Pikiran Kevin langsung melayang ke sosok Cindy yang dia temui pagi tadi di koridor sekolah. Gadis itu terlihat begitu segar dan bugar, bahkan lebih bersemangat dari biasanya. Padahal dialah yang kemarin menyerahkan payungnya tanpa pikir panjang. Ironis sekali keadaannya sekarang.

"Ke... anak tersesat," jawab Kevin samar-samar, memilih untuk tidak menyebutkan nama aslinya. Matanya memandang ke jendela, menghindari tatapan Revan yang penuh pertanyaan.

Revan mengangkat kedua alisnya yang tebal, menunjukkan ekspresi terkejut. "Anak tersesat? Jadi kamu tiba-tiba menjadi pahlawan dadakan begitu?" suaranya terdengar tidak percaya sambil tertawa kecil. "Ceritanya semakin menarik nih."

Sebenarnya Cindy adalah siswi sekelas mereka, tapi ekspresinya kemarin ketika kehujanan benar-benar mirip dengan anak kecil yang kebingungan mencari orang tuanya. Kevin baru menyadari hal ini sekarang ketika mengingat kembali kejadian kemarin.
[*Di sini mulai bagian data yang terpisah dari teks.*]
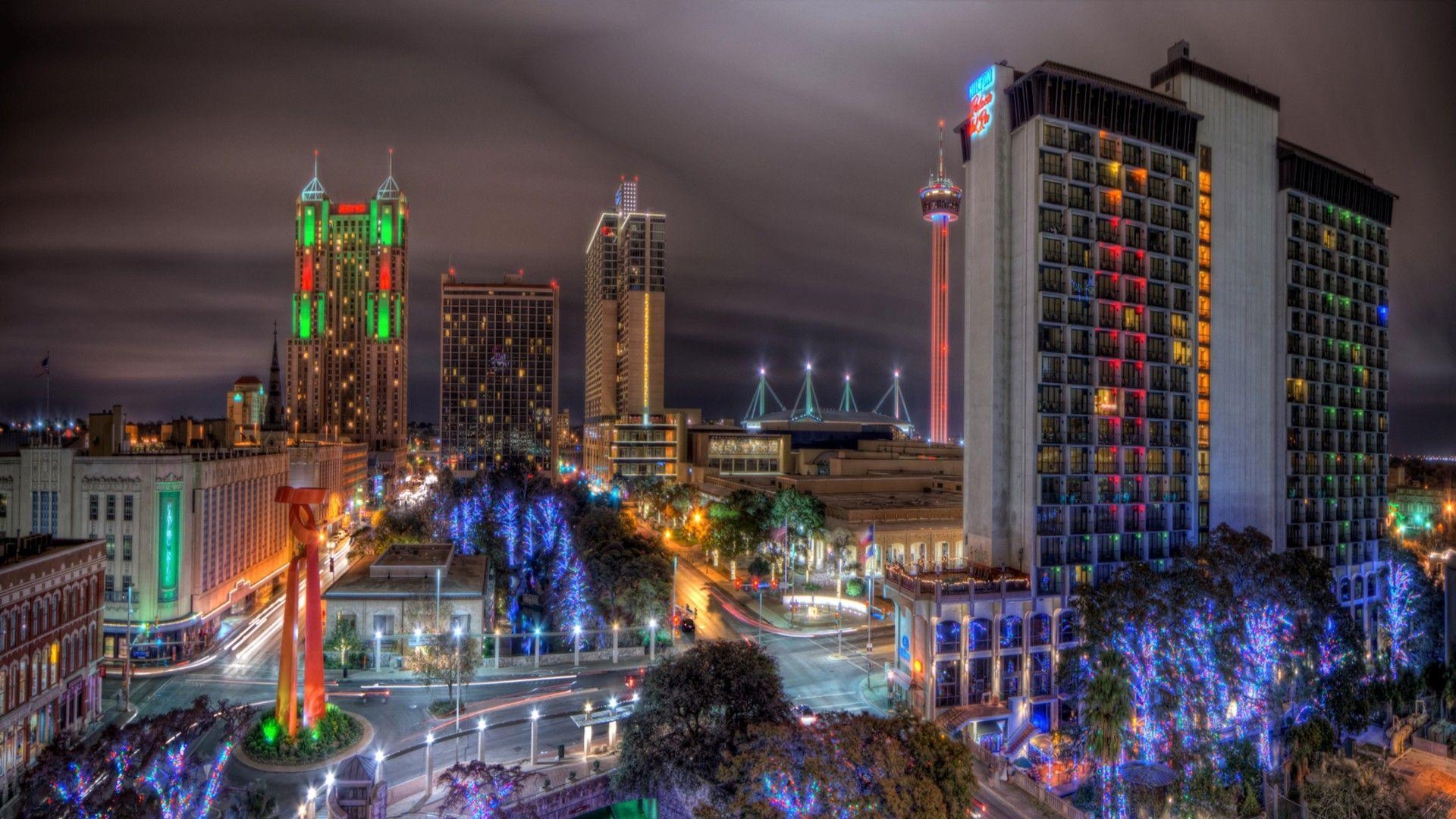 1920x1080 Other: Colorful Lights San Antonio Night Texas Hotel Streets, Desktop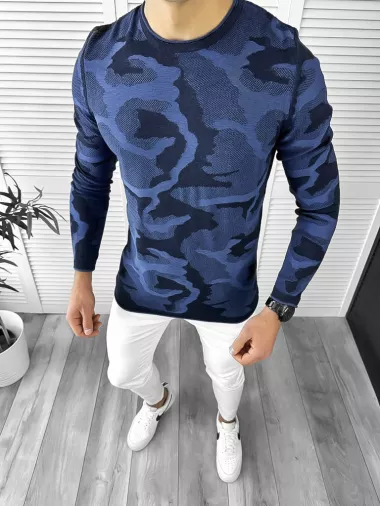 Bluza barbati bleumarin slim fit T3705 i16-3.1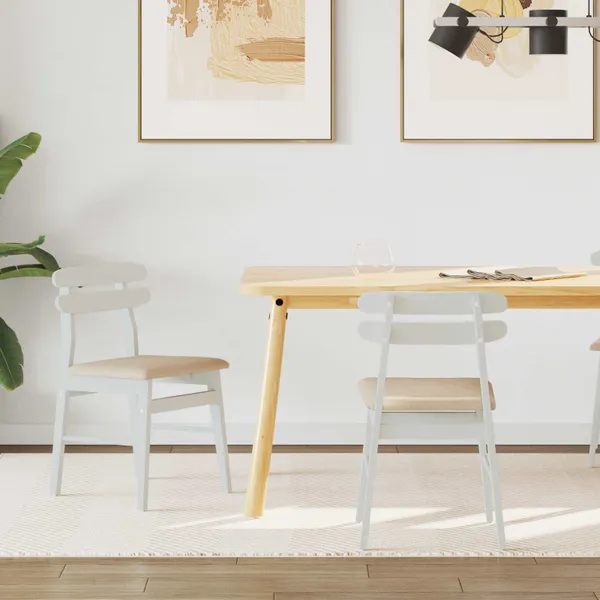Cadeira de jantar 2 pcs Branco e marrom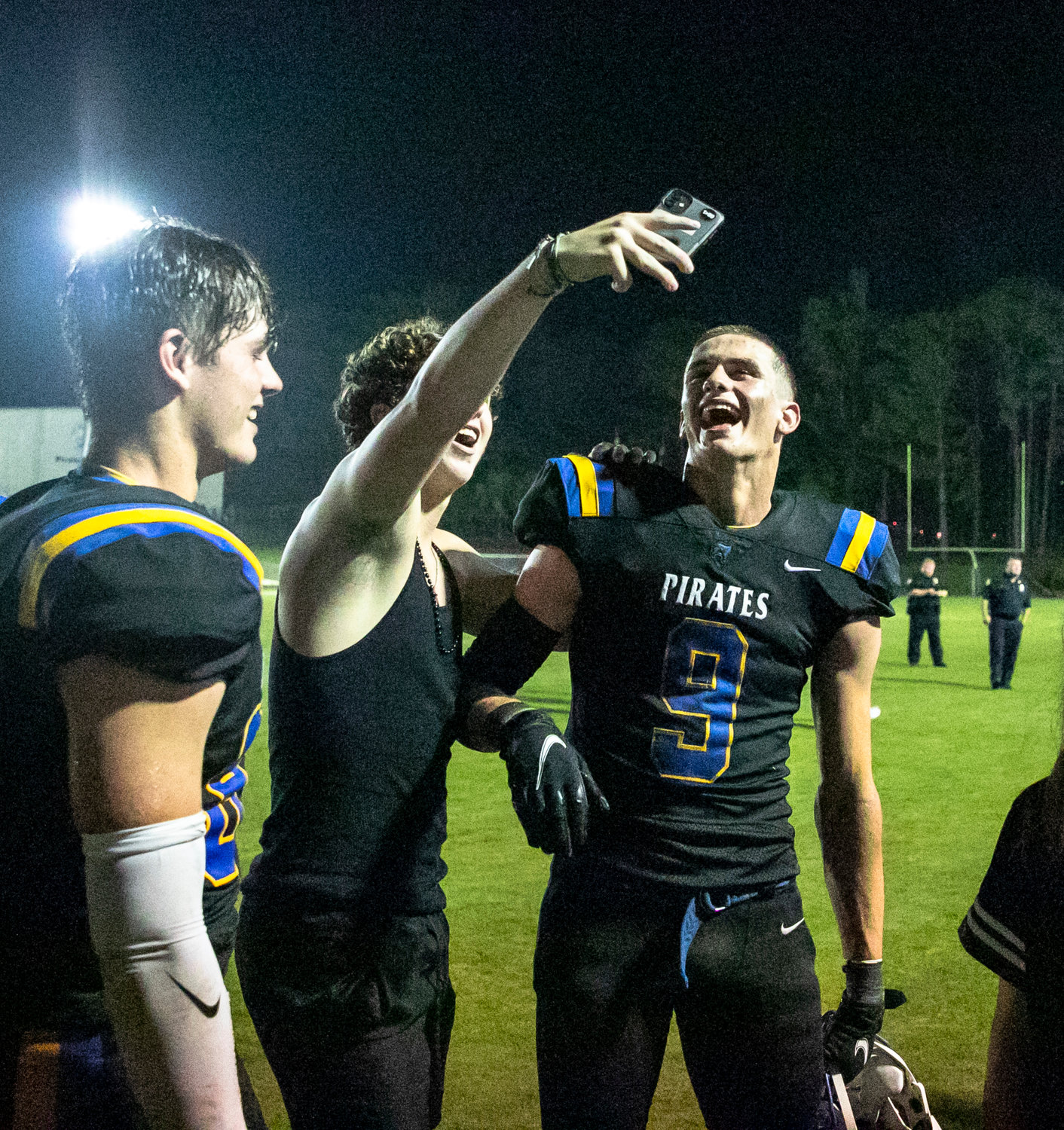 Fairhope didn’t have to wait long to celebrate its first win of the season after Nolan Phillips (9) recorded a game-winning interception he returned for a touchdown in the final seconds of the Pirates’ opening game Friday night at W. C. Majors Field.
"Terserah deh bagaimana kamu memandangnya," goda Revan lagi dengan senyum lebar. "Yang jelas sekarang kamu yang menjadi korban. Klasik sekali, memberi payung saat hujan deras tapi diri sendiri malah basah kuyup. Sok pahlawan banget kamu." Suaranya terdengar semakin menghina namun tetap dalam nada bercanda.

"Bukan sok pahlawan," bantah Kevin sambil meraih tisu terakhir dari kotak yang sudah kosong. "Aku memang tidak punya pilihan lain saat itu." Wajahnya terlihat kesal namun tidak memiliki energi untuk berdebat lebih lanjut.
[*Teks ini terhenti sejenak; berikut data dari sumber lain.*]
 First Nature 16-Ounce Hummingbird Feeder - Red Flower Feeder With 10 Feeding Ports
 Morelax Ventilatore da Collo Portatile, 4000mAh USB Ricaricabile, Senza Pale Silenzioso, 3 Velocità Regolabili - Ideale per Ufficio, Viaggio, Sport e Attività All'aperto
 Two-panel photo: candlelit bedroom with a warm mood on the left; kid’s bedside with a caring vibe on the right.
Revan tiba-tiba tertawa terbahak-bahak, suaranya yang keras membuat beberapa siswa lain menoleh ke arah mereka. "Dasar idiot sejati!" katanya sambil menepuk-nepuk paha sendiri. "Sudah tahu kamarmu berantakan seperti kapal pecah, gaya hidupmu semrawut tidak karuan, sekarang sok-sokan mau jadi penyelamat. Makanya kena hukumannya begini!" Tangannya sekarang menunjuk-nunjuk ke arah Kevin yang malang.
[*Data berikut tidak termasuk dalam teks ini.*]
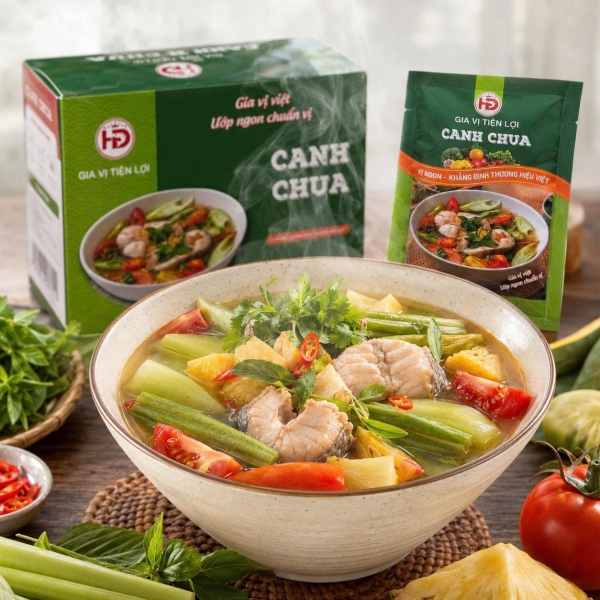 Sỉ Xốt Canh Chua HD 80g Hộp 20 Gói – Gia Vị Tiện Lợi Cho Tạp Hóa, Quán Ăn Và Đại Lý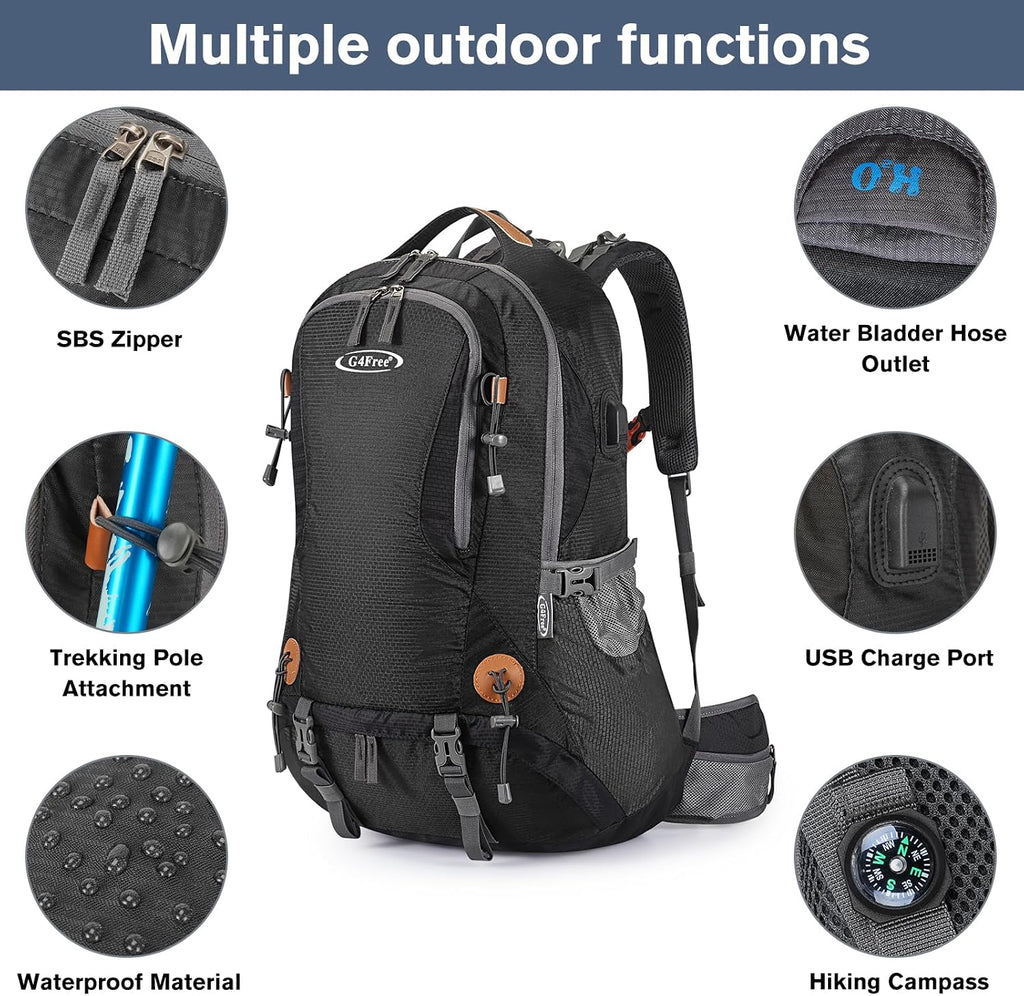 G4Free 50L Hiking Backpack Waterproof Daypack Outdoor Camping Climbing Backpack with Rain Cover for Men Women
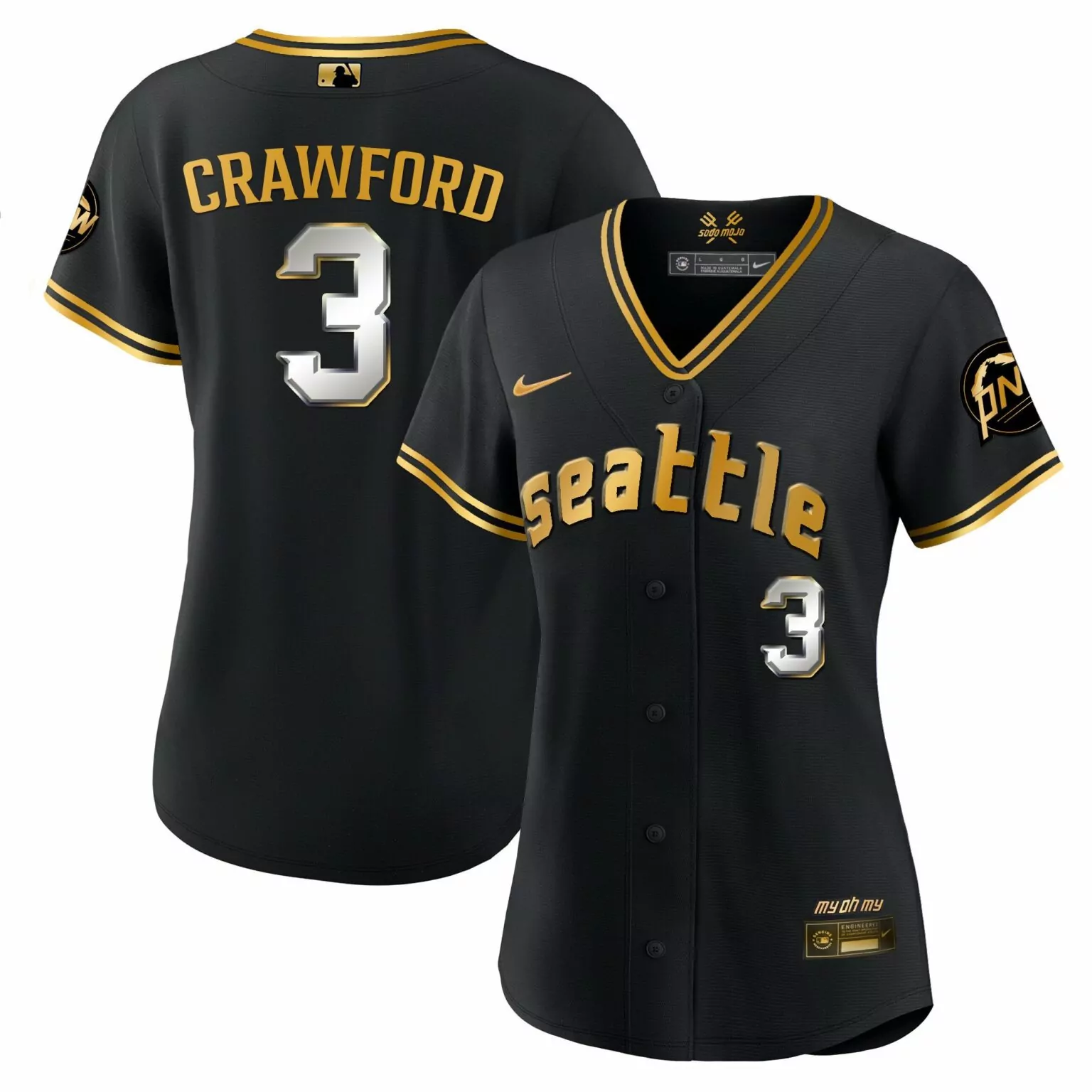 Custom Black gold jp crawford seattle mariners 2023 city connect gold fan made jersey all stitched 7849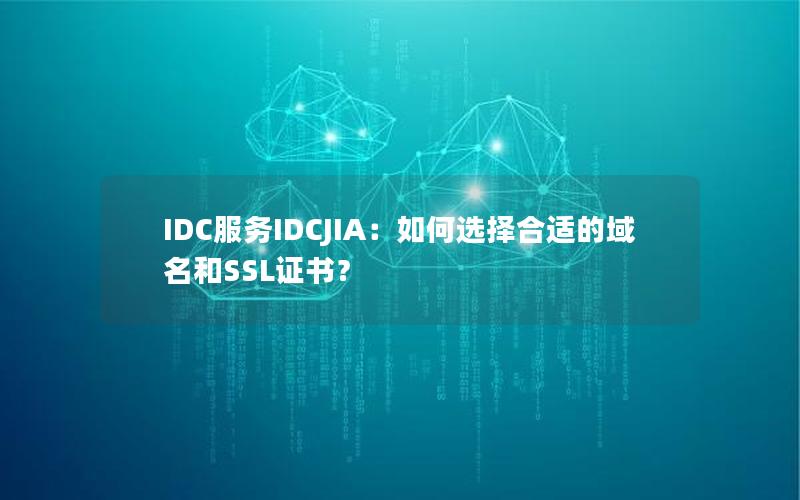 IDC服务IDCJIA：如何选择合适的域名和SSL证书？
Kevin hanya bisa mengerutkan keningnya yang sudah berkeringat dingin. Memang benar kamarnya berantakan seperti kapal pecah, makanannya hanya mengandalkan warung sekitar atau kadang malah melewatkan makan, dan gaya hidupnya jauh dari kata sehat atau teratur. Tapi dia tidak pernah berpikir itu akan berakibat seperti ini.

"Pulang dan istirahatlah yang cukup," kata Revan tiba-tiba dengan nada serius, ekspresi wajahnya berubah menjadi lebih dewasa. "Kita akan menghadapi akhir pekan ini. Cepat sembuh agar bisa menikmati waktu liburan." Tangannya sekarang menepuk-nepuk bahu Kevin dengan lembut.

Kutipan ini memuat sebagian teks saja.